_WORK TO COMPLETE_
As written and without pictures, set down the lines from the one that contains "violet feathered heron" through the end of the data.

_MATERIAL PROVIDED_
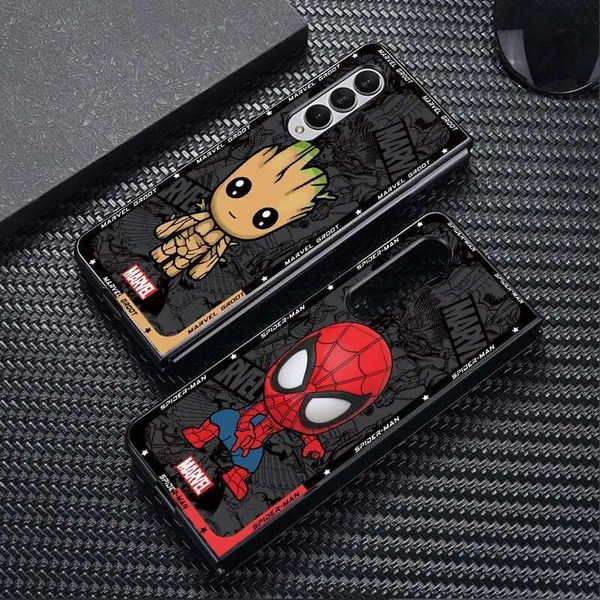 Cartoon Spiderman Groot Case for Samsung Galaxy Fold6 Fold4 Fold3 Z Fold5 5G ZFold4 Hard PC Shockproof Cover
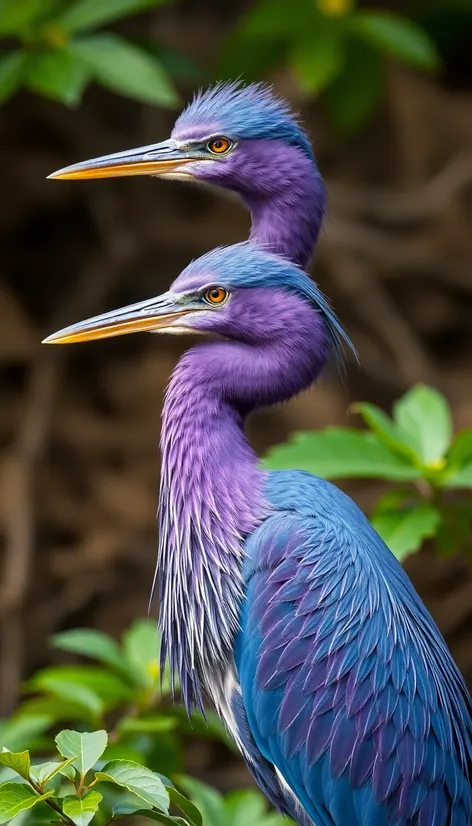 violet feathered heron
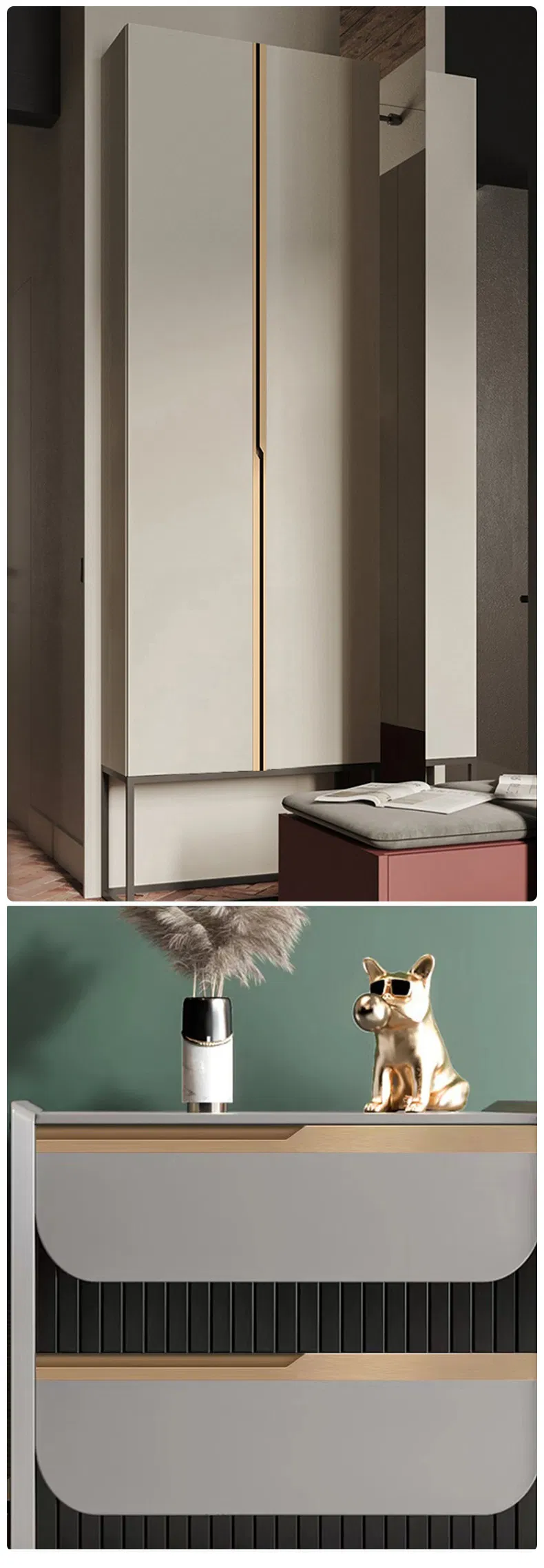 Concealed Slotless Aluminum Lightning Wardrobe Cabinet Door Handle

_ANSWER TO THIS EXERCISE_
 violet feathered heron
 Concealed Slotless Aluminum Lightning Wardrobe Cabinet Door Handle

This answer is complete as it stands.